WHAT YOU NEED TO DO => The answer should match the records character for character.

++++ ENTRIES SHOWN

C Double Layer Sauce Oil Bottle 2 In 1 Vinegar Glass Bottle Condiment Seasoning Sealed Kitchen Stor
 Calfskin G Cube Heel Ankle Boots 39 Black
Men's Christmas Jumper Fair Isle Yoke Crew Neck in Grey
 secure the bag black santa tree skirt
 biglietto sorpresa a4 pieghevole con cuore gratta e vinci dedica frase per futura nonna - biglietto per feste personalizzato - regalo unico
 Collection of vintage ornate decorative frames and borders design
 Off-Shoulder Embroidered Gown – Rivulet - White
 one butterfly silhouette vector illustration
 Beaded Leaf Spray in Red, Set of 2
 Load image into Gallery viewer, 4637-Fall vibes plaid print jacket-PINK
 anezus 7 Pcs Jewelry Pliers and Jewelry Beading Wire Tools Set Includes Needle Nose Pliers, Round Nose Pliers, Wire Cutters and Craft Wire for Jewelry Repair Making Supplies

++++++++

OUTPUT FOR THIS EXERCISE =>
C Double Layer Sauce Oil Bottle 2 In 1 Vinegar Glass Bottle Condiment Seasoning Sealed Kitchen Stor
 Calfskin G Cube Heel Ankle Boots 39 Black
Men's Christmas Jumper Fair Isle Yoke Crew Neck in Grey
 secure the bag black santa tree skirt
 biglietto sorpresa a4 pieghevole con cuore gratta e vinci dedica frase per futura nonna - biglietto per feste personalizzato - regalo unico
 Collection of vintage ornate decorative frames and borders design
 Off-Shoulder Embroidered Gown – Rivulet - White
 one butterfly silhouette vector illustration
 Beaded Leaf Spray in Red, Set of 2
 Load image into Gallery viewer, 4637-Fall vibes plaid print jacket-PINK
 anezus 7 Pcs Jewelry Pliers and Jewelry Beading Wire Tools Set Includes Needle Nose Pliers, Round Nose Pliers, Wire Cutters and Craft Wire for Jewelry Repair Making Supplies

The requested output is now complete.